TSYD, Boks ve Mehmet Özdilek
Biraz uzun oldu...
İzin yani...
Ama bitti...
İzin yaptım mı?
Hayır...
İzin günümde bile çalıştım...
Sporla iç içe oldum...
53.Cumhurbaşkanlığı Bisiklet Turu, TSYD'nin Olağanüstü Genel Kurulu, Atiker Konyaspor ve geçtiğimiz hafta içinde Antalya'da yapılan Avrupa Gençler Boks Şampiyonası ile 21 günlük izini erittim...
Anlayacağınız çalıştım...
Şikayet gibi olmasın, ama dinlenemeden masama oturdum...
İşimiz bu...
Yapacak bir şey yok...
xxx
Ayın 10'unda Alanya'da başlayan, 15'inde sona eren Cumhurbaşkanlığı Bisilket Turu'nun ardından, TSYD'nin Olağanüstü Genel Kurulu için tekrar İstanbul'a gittik...
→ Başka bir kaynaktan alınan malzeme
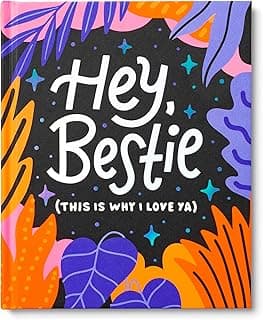 Hey Bestie (This is Why I Love Ya): A Fill-In Keepsake for Best Friends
Güzel işlere imza atan TSYD Genel Başkanımız Oğuz Tongsir'e hem omuz, hem de moral verdik...
TSYD'nin Olağanüstü Gerel Kurulu'nda üyelerin tamamının oybirliği ile İstanbul Şubesi kapatılırken, Sivas, Eskişehir ve Kayseri'nin şube olması kararlaştırıldı...
Oğuz Başkan, Anadolu'nun güçlenmesi ve şube sayısının artırılması noktasında son derece kararlı...
Son zamanlarda nefes almakta zorlanan spor yazarları için, TSYD Başkanı Oğuz Tongsir'in bu “radikal kararlar”ı, TSYD çatısı altında bulunan ya da bulunmayan gerçek spor yazarlarına önemli bir soluk aldıracağına inanıyorum...
Allah yolunu açık etsin Başkanın.
xxx
TSYD'nin Olağanüstü Genel Kurulu'nu tamamladıktan sonra, ibreyi Antalya'ya çevirdik...
Avrupa Gençler Boks Şampiyonası geçtiğimiz hafta Antalya'da yapıldı...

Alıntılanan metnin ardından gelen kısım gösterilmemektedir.